АНАЛІЗ ОСОБЛИВОСТЕЙ ЕФЕКТИВНОГО ВПРОВАДЖЕННЯ СОНЯЧНИХ ЕЛЕКТРОСТАНЦІЙ В ЛОКАЛЬНИХ СИСТЕМАХ ЕНЕРГОЗАБЕЗПЕЧЕННЯ

Sergei Denysiuk; Ryszard Strzelecki; Ihor Bohoiko; Natalia Strzelecka

doi:10.20535/1813-5420.2.2023.279536

Authors

Sergei Denysiuk National Technical University of Ukraine «Igor Sikorsky Kyiv Polytechnic Institute», Ukraine https://orcid.org/0000-0002-6299-3680
Ryszard Strzelecki Gdańsk University of Technology, Poland https://orcid.org/0000-0001-9437-9450
Ihor Bohoiko National Technical University of Ukraine «Igor Sikorsky Kyiv Polytechnic Institute», Ukraine https://orcid.org/0000-0002-6816-6352
Natalia Strzelecka Gdynia Maritime University, Poland https://orcid.org/0000-0002-5976-6903

DOI:

https://doi.org/10.20535/1813-5420.2.2023.279536

Keywords:

: renewable energy sources, solar power plants, configuration of photovoltaic systems, Smart-inverters, energy storage systems, virtual power plant.

Abstract

It is shown that renewable energy sources (RES) are increasingly dominating the electricity market in many countries, while the amount of electricity generation by solar power plants (SPP) has been growing at a record pace in recent years. It is noted that although the share of RES continues to grow and the photovoltaic industry is developing rapidly, the industry still faces many challenges, in particular, how to continue to reduce the Levelized Cost of Energy (LCOE), improve the efficiency of operation and maintenance, and maintain the stability of the power grid, to ensure system security. The effective implementation of solar generation requires an analysis of the prospects for the development of local electric power systems that include SPP, the development of mechanisms and appropriate regulatory, methodological, technical and organizational support that will contribute to the effective development of solar generation, the construction of modern system (schematic) solutions.

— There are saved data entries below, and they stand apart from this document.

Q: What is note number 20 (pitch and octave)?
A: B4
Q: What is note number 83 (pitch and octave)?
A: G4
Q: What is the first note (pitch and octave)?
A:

The analysis of the features of the development of green generation in Poland and Ukraine was carried out, the positive factors that influenced the development of renewable energy sources in Ukraine were determined, which made it possible to form the technical, economic and organizational conditions for the successful development of solar generation, in particular, information was provided on new players in developed energy markets according to the Fourth Energy EU package. The analysis showed that when increasing the efficiency of SPP systems, planning and demand management in the electric network, effective functioning of Energy Smart Community (ESC) become important.

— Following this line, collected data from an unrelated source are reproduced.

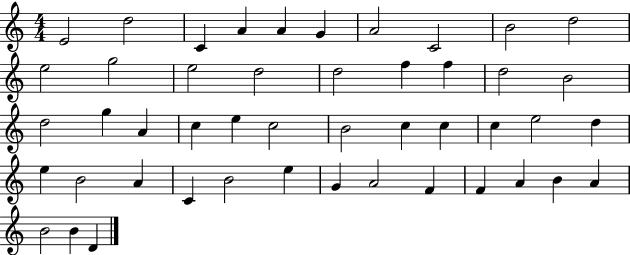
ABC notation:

X:1
T:Untitled
M:4/4
L:1/4
K:C
E2 d2 C A A G A2 C2 B2 d2 e2 g2 e2 d2 d2 f f d2 B2 d2 g A c e c2 B2 c c c e2 d e B2 A C B2 e G A2 F F A B A B2 B D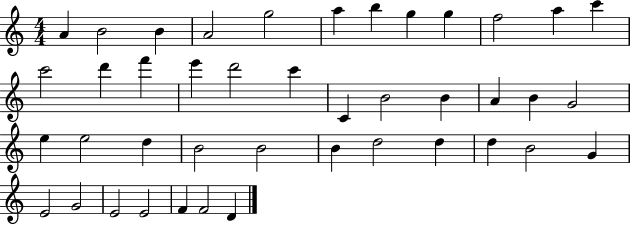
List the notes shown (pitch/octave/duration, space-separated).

A4/q B4/h B4/q A4/h G5/h A5/q B5/q G5/q G5/q F5/h A5/q C6/q C6/h D6/q F6/q E6/q D6/h C6/q C4/q B4/h B4/q A4/q B4/q G4/h E5/q E5/h D5/q B4/h B4/h B4/q D5/h D5/q D5/q B4/h G4/q E4/h G4/h E4/h E4/h F4/q F4/h D4/q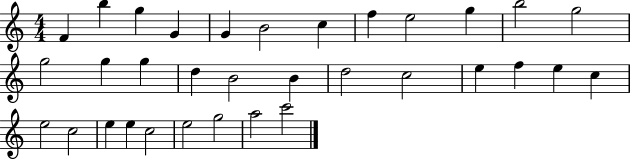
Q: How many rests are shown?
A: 0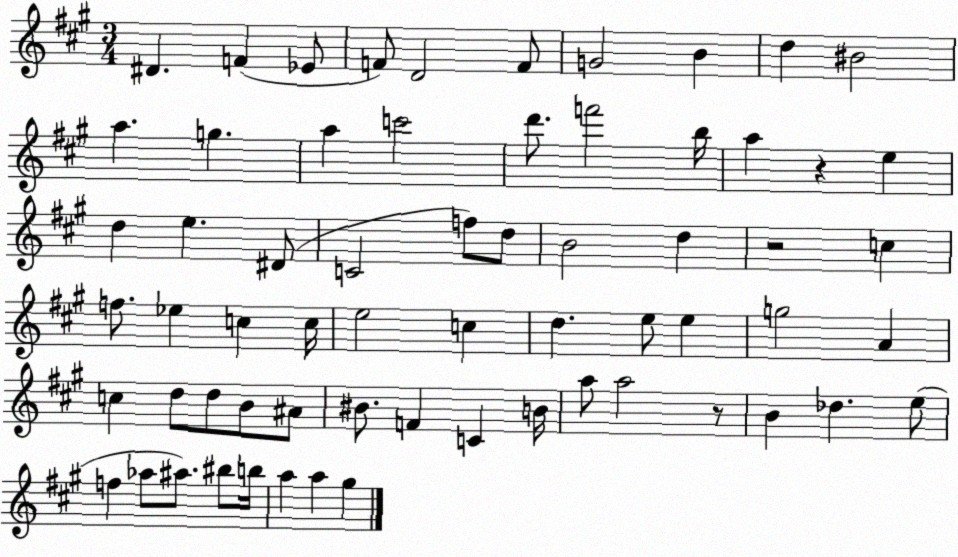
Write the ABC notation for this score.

X:1
T:Untitled
M:3/4
L:1/4
K:A
^D F _E/2 F/2 D2 F/2 G2 B d ^B2 a g a c'2 d'/2 f'2 b/4 a z e d e ^D/2 C2 f/2 d/2 B2 d z2 c f/2 _e c c/4 e2 c d e/2 e g2 A c d/2 d/2 B/2 ^A/2 ^B/2 F C B/4 a/2 a2 z/2 B _d e/2 f _a/2 ^a/2 ^b/2 b/4 a a ^g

The basic components of the effective functioning of electric power systems with SPP are highlighted, namely: concepts of configurations of photovoltaic systems, Smart-inverters, Energy Storage System (ESS), formation of Virtual Power Plant (VPP) based on SPP. It is shown that each of the four concepts involves the connection of a series of photovoltaic panels or strings and power electronics devices (DC converters and inverters), which are configured taking into account the peculiarities of the functioning of various structural (schematic) solutions. The advantages of using Smart-inverters as a new technology that can help integrate solar energy and other distributed energy resources into the electrical network are evaluated. Smart inverters are used to help the electrical grid cope with intermittent generation, helping the electrical grid remain stable and maintain voltage and frequency requirements.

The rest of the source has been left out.